# One Hot Encoding (Columns having many categories)

In [14]:
import pandas as pd
import numpy as np

In [17]:
ds = pd.read_csv('mercedesbenz.csv', usecols=['X1', 'X2','X3', 'X4','X5', 'X6'])

In [18]:
ds.head()

Unnamed: 0,X1,X2,X3,X4,X5,X6
0,v,at,a,d,u,j
1,t,av,e,d,y,l
2,w,n,c,d,x,j
3,t,n,f,d,x,l
4,v,n,f,d,h,d


In [20]:
# lets find out how many unique categories are present in each columns
for column in ds.columns:
  print(f"Column {column} has {len(ds[column].unique())} categories")
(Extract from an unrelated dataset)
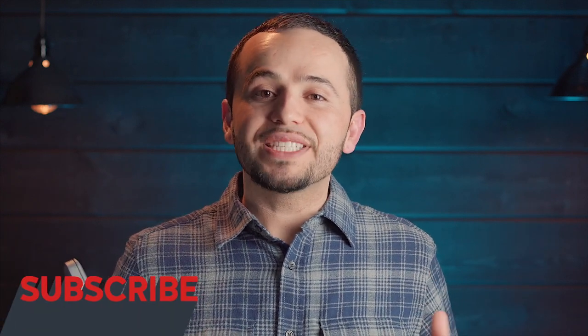Hey, what's up guys! This is Marcos. This channel is all about helping you create better video so you can build your brand. If you're new to this channel, consider subscribing right now so you don't miss a thing.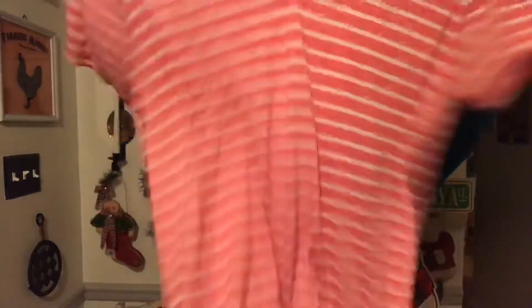I just love t-shirts — they're just so comfortable. This is Old Navy and I paid a dollar for it. Just a real cute striped shirt to wear with jeans.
Column X1 has 27 categories
Column X2 has 44 categories
Column X3 has 7 categories
Column X4 has 4 categories
Column X5 has 29 categories
Column X6 has 12 categories


Since there are many categories, performing one-hot encoding with get_dummies will increase the number of columns to 177 columns

In [21]:
ds_copy = ds.copy()

In [22]:
pd.get_dummies(ds_copy, drop_first=True).shape

(4209, 117)

So due to huge number of columns(features), we will face the problem of "Curse of Dimensionality". And our accuracy would be compromised

Now how we solve this. We take 10 most frequent categories of each column(features) and then perform one-hot encoding on them, and for the remaining categories we make them '0' (zero)

In [27]:
# lets find the top 10 most frequent categories for any one of the features of the ds
ds['X2'].value_counts().sort_values(ascending=False).head(10)

as    1659
ae     496
ai     415
m      367
ak     265
r      153
n      137
s       94
f       87
e       81
Name: X2, dtype: int64

In [30]:
# Let's make a list of top 10 most frequent words for a column and try it out
X2_top_10 = [x for x in ds["X2"].value_counts().sort_values(ascending=False).head(10).index]
# .index gives us the column name
X2_top_10

['as', 'ae', 'ai', 'm', 'ak', 'r', 'n', 's', 'f', 'e']

In [31]:
for label in X2_top_10:
  ds[label] = np.where(ds['X2']==label,1,0)
  # here we create column for all the top 10 categories of feature X2 and in those new column we set 1 if
  # the categories of X2 comes within the top 10 cateogires. 0 otherwise

In [32]:
ds.head()

Unnamed: 0,X1,X2,X3,X4,X5,X6,as,ae,ai,m,ak,r,n,s,f,e
0,v,at,a,d,u,j,0,0,0,0,0,0,0,0,0,0
1,t,av,e,d,y,l,0,0,0,0,0,0,0,0,0,0
2,w,n,c,d,x,j,0,0,0,0,0,0,1,0,0,0
3,t,n,f,d,x,l,0,0,0,0,0,0,1,0,0,0
4,v,n,f,d,h,d,0,0,0,0,0,0,1,0,0,0


Now lets extract the fresh data and do all these for all the features

In [65]:
ds = pd.read_csv('mercedesbenz.csv', usecols=['X1', 'X2','X3', 'X4','X5', 'X6'])

In [66]:
# creating a function to get the top10 categories
def get_10(col_name):
  return [x for x in ds[col_name].value_counts().sort_values(ascending=False).head(10).index]


In [67]:
# lets generate top 10 categories for all the features
X1_top_10 = get_10('X1')
X2_top_10 = get_10('X2')
X3_top_10 = get_10('X3')
X4_top_10 = get_10('X4')
X5_top_10 = get_10('X5')
X6_top_10 = get_10('X6')

In [68]:
# lets print the top 10 features of some columns
print(f"Top to features of X1 is: ",X1_top_10)
print(f"Top to features of X2 is: ",X2_top_10)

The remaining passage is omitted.